Nel libro di Giobbe possiamo trovare quasi tutte le risposte alla domanda “perché esiste il dolore in questo mondo”. Eppure questi ragionamenti pare non abbiano dato sollievo a Giobbe. Nel suo caso il problema era la crisi di un rapporto piuttosto che una crisi dovuta a un dubbio. Poteva fidarsi di Dio? Giobbe voleva una cosa più di tutto il resto: che comparisse Colui che poteva spiegargli il motivo del suo misero destino. Voleva incontrare Dio stesso, faccia a faccia.

Alla fine Giobbe ottenne ciò che aveva desiderato, e Dio si mostrò di persona (vedi Giobbe 38:1). L’Onnipotente programmò il Suo ingresso con tempismo perfetto, entrando in scena proprio quando l’amico di Giobbe, Elihu, gli aveva spiegato perché non aveva il diritto di aspettarsi una visita da Dio.

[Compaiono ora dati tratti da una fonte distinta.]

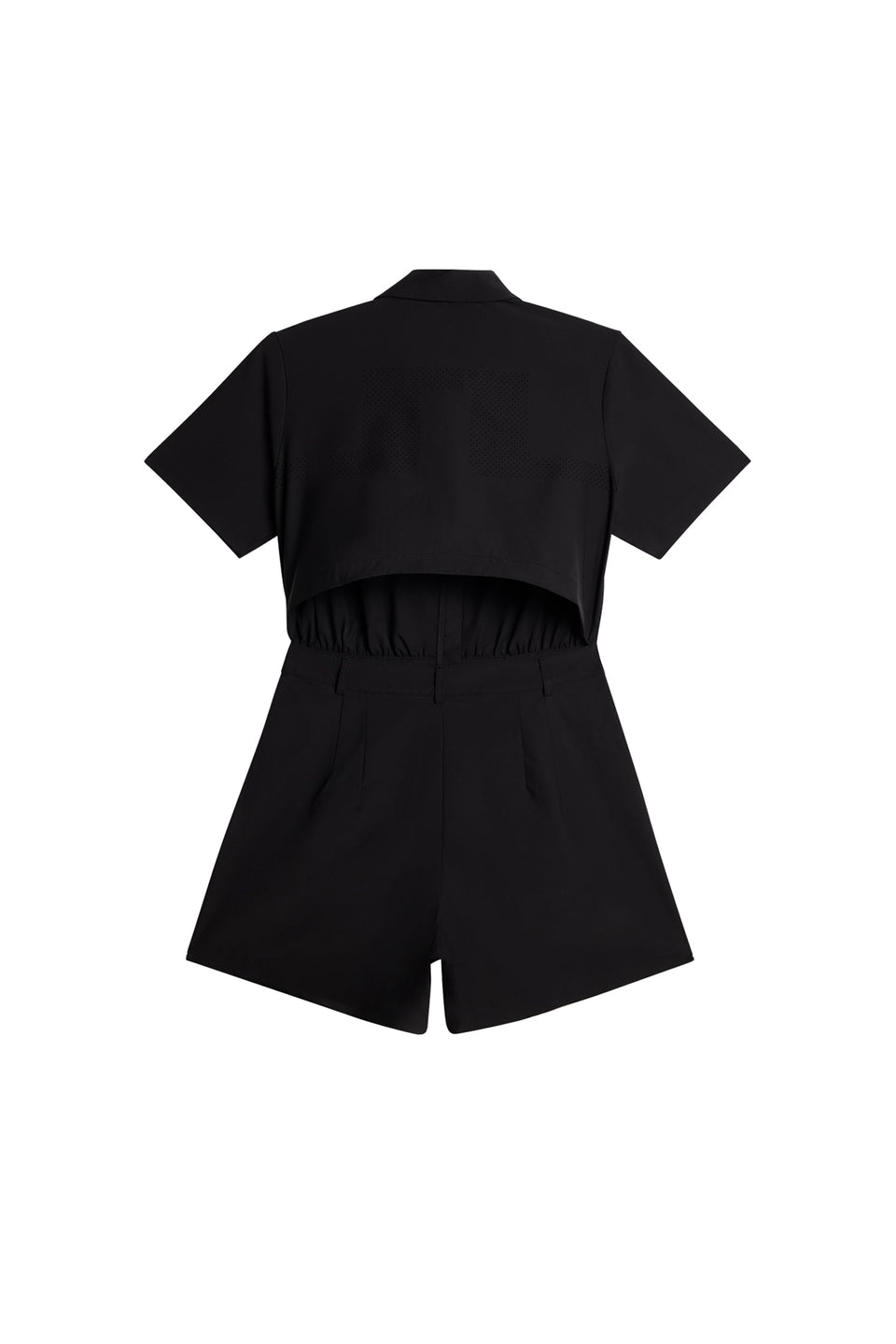 Kendra playsuit / Black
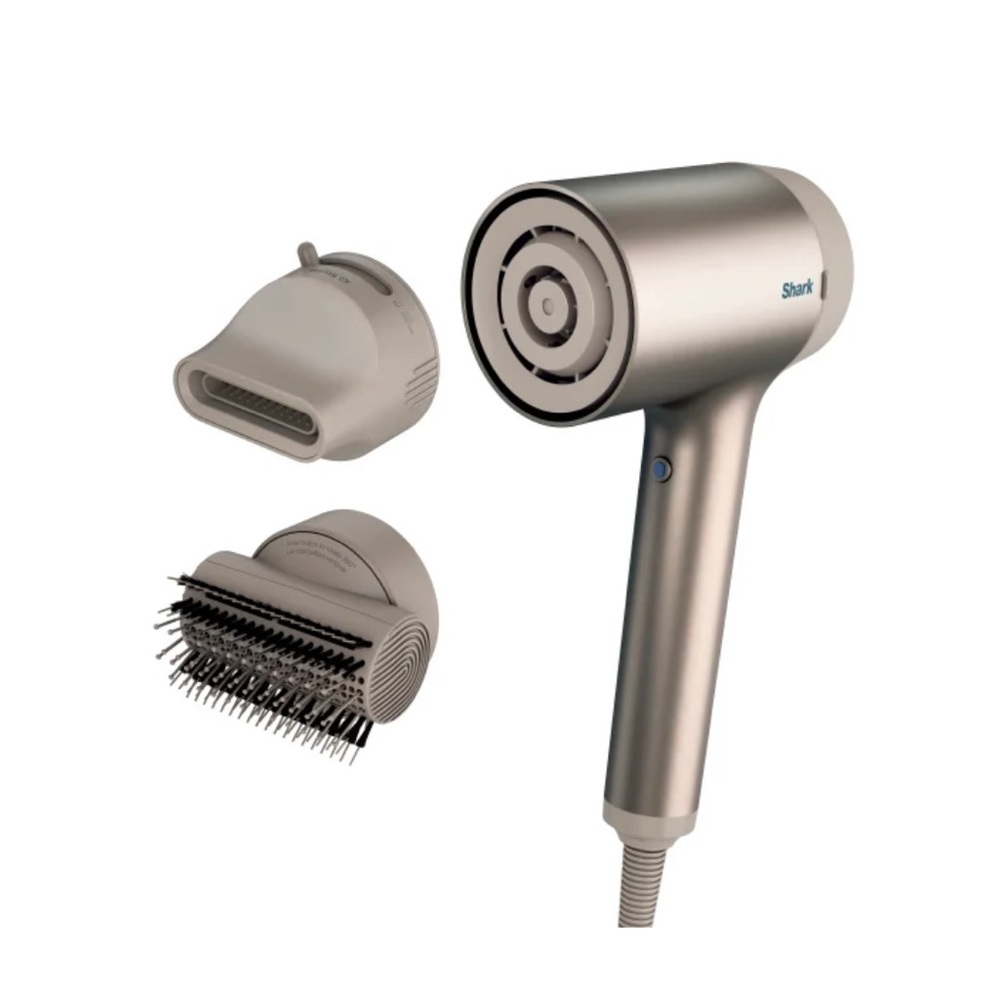 Shark stone blow dryer new without box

Nessuno—né Giobbe né alcuno dei suoi amici—era preparato a sentire ciò che Dio aveva da dire. Giobbe aveva una lunga lista di domande, ma fu Dio, non Giobbe, che iniziò a chiedergli delle cose. “Cingiti i fianchi come un prode,” gli disse, “Io ti farò delle domande e tu insegnami!” (v. 3). Spazzando via 35 capitoli degni di un dibattito sul tema sofferenza, Dio si addentra in un maestoso poema sulle meraviglie del mondo naturale.

Il discorso di Dio mette in luce l’enorme differenza che c’è tra il Dio Creatore di tutte le cose e il piccolo uomo Giobbe. La presenza imponente di Dio risponde alla domanda più grande di Giobbe: c’è Qualcuno lì fuori? Alla fine, a Giobbe resta solo da dire: “Sì, ne ho parlato; ma non lo capivo; sono cose per me troppo meravigliose e io non le conosco” (42:3).